Plus jeune que le patron de SpaceX Elon Musk, féru de numérique, ex-start-upper, Philippe Baptiste a pris la tête du Centre national d’études spatiales (Cnes) en avril. Le nouveau président coche les bonnes cases pour faire basculer l’industrie spatiale tricolore dans l’ère du new space, des fusées réutilisables et des constellations de satellites.
À la tête d’une agence forte de 2 300 collaborateurs et d’un budget de 2,3 milliards d’euros, il sera chargé de définir et d’exécuter la stratégie spatiale de la France. « Je viens du monde du numérique. Je suis particulièrement sensible à la question des données et des nouveaux modèles de l’innovation. C’est au cœur du projet que j’ai pour le Cnes », aime à rappeler ce spécialiste d’algorithmique et d’intelligence artificielle.
Le dirigeant connaît également bien le monde de l’entreprise. Il a participé à la création et au développement de plusieurs start-up, mené des collaborations avec des industriels du numérique et de l’aéronautique et réalisé un bref passage comme directeur scientifique chez Total.

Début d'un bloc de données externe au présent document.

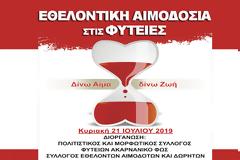 ΕΘΕΛΟΝΤΙΚΗ ΑΙΜΟΔΟΣΙΑ ΣΤΙΣ ΦΥΤΕΙΕΣ THN ΚΥΡΙΑΚΗ 21.7.2019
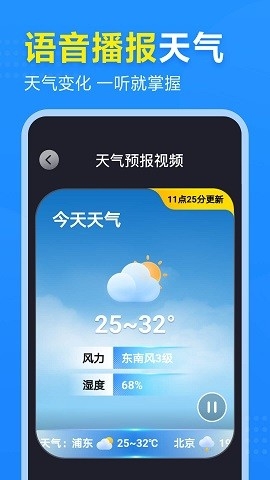 2345天气王最新版下载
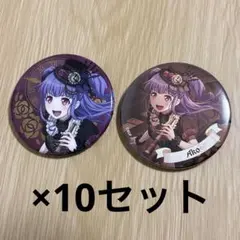 バンドリ Roselia ロゼリア Neuweltfahrt 氷川紗夜 缶バッジ - メルカリ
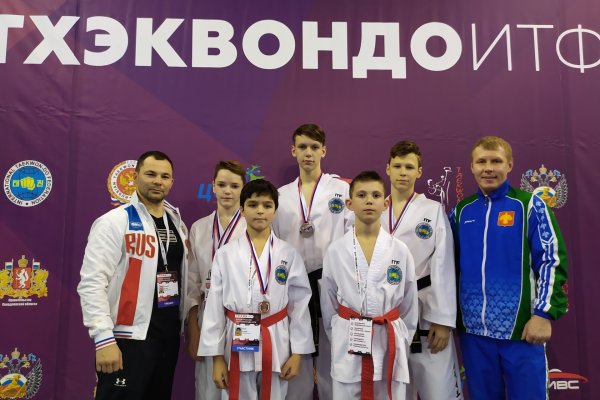 Тхэквондисты Коми завоевали шесть медалей всероссийского турнира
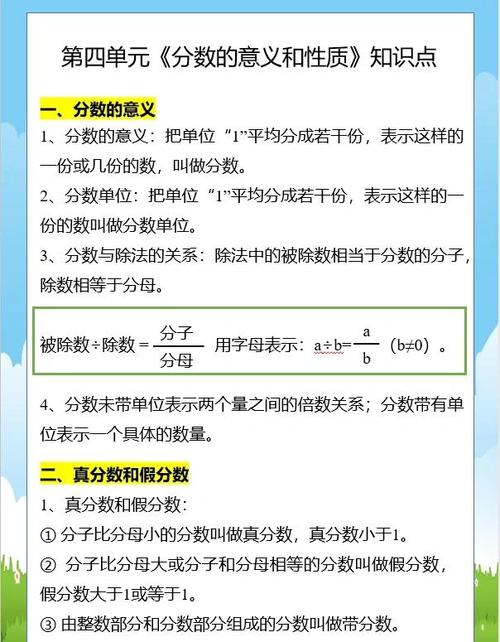 初中数学分数如何分配计算?
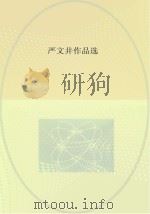 严文井作品选（ PDF版）
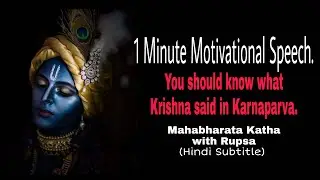 You should know what Krishna said in Karnaparva ||1 minute motivational speech || Krishna Qoute ||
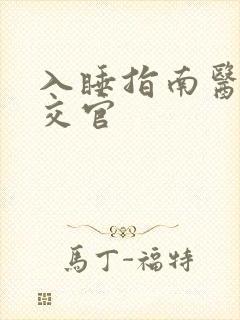 入睡指南医生外交官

Il pourra s’appuyer sur sa fine connaissance des rouages ministériels. Un atout, le Cnes ayant une triple tutelle : le ministère de l’Économie, le ministère des Armées et celui de l’Enseignement supérieur, de la Recherche et de l’Innovation, où il a été directeur de cabinet de Frédérique Vidal. Philippe Baptiste devra également endosser le rôle de défenseur de l’industrie spatiale française, qui compte 15 000 salariés pour un chiffre d’affaires de 7,4 milliards d’euros.